Intel® C++ Compiler
Support and discussions for creating C++ code that runs on platforms based on Intel® processors.
7696 Discussions

How to sum up a large array of 32-bit integers in a fast way?


I want to sum up a large array of 32-bit integers, e.g 10M integers. How to do this in a very fast way?

I am now trying to use Intel SSE Intrinsics to do this.

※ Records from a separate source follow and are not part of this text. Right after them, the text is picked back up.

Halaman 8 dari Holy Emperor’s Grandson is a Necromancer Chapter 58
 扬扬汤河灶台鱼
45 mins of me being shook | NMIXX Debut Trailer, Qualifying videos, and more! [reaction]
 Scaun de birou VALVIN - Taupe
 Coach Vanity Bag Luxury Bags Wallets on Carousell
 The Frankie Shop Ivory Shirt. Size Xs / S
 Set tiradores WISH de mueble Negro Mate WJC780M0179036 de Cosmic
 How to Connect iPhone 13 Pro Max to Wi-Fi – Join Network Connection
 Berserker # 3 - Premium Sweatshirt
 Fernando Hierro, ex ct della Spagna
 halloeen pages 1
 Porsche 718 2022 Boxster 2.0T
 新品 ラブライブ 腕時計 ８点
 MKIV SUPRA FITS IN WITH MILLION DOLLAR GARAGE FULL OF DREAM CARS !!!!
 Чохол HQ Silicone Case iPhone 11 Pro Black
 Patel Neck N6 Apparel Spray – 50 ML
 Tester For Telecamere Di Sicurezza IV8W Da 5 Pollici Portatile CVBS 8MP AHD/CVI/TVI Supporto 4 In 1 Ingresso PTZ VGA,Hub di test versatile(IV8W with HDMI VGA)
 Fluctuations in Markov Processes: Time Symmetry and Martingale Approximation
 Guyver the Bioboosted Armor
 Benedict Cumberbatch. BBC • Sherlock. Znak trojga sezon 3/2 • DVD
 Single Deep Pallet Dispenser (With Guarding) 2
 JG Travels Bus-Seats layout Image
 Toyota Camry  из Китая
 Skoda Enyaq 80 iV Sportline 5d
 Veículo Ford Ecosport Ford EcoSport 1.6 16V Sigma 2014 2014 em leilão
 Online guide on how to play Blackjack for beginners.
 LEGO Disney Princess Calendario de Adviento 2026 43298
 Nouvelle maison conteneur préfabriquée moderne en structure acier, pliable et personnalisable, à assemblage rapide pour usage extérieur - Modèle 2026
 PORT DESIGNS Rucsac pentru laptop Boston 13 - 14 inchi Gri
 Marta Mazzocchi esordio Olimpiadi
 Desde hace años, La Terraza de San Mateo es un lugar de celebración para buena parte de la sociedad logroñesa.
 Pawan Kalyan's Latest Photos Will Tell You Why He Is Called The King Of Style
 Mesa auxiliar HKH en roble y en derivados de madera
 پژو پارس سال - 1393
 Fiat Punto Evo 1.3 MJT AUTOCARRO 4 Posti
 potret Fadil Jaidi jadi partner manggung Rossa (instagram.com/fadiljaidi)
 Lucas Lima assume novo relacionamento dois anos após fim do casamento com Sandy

Each time, I load 4 integers by one instruction, and then sum up. So I only need to loop for N/4 times,where N is the array size.

Steps are asfollows:
Loop N/4 times
1, load 4 32-bit int, a0 a1 a2 a3
2, pack the data as:
xmm1 = a0 0 a1 0
xmm2 = a2 0 a3 0
3, sum up
xmm3 = a0+a2 0 a1+a3 0
Loop End

The problem is: two 32-bit integers sum up may result in overflow.

So how to add two 32-bit integers and save them to a 64-bit integer by using SSE intrinsics functions?

Thank you very much.

0 Kudos
5 Replies
Black Belt
Strictly speaking, of course, there are no original SSE instructions for 64-bit ints, and you can handle only pairs of 64-bit data under SSE2. In you have _mm_add_epi64, so you could extend the ints to 64-bit and pack them into an m128, then add, and at the end add the 2 64-bit ints.
You will have to wait for AVX to see 4-wide parallel 64-bit adds. Then, if you trust Intel C, you get them from plain C source code:
long long int extsum(int *a, int n){
long long int sum = 0;
for(int i = 0; i < n; ++i)sum += a;

vpxor xmm0, xmm0, xmm0
add eax, edx
xor ecx, ecx

.B1.4: ; Preds .B1.4 .B
vpmovsxdq xmm1, QWORD PTR [esi+ecx*4]
vpmovsxdq xmm2, QWORD PTR [8+esi+ecx*4]
vpmovsxdq xmm4, QWORD PTR [16+esi+ecx*4]
vpmovsxdq xmm6, QWORD PTR [24+esi+ecx*4]
vpaddq xmm0, xmm0, xmm1
vpaddq xmm3, xmm0, xmm2
add ecx, 8
vpaddq xmm5, xmm3, xmm4
vpaddq xmm0, xmm5, xmm6
cmp ecx, eax
jb .B1.4 ; Prob 82%

.B1.5: ; Preds .B1.4
vpshufd xmm1, xmm0, 14
vpaddq xmm0, xmm0, xmm1
vmovd ecx, xmm0
vpsrlq xmm2, xmm0, 32
vmovd esi, xmm2

Hi Tim,

Thanks a lot for your quick reply.

Of course, using Intel C++ Compiler is a good choice. But I want to do the vectorization by myself.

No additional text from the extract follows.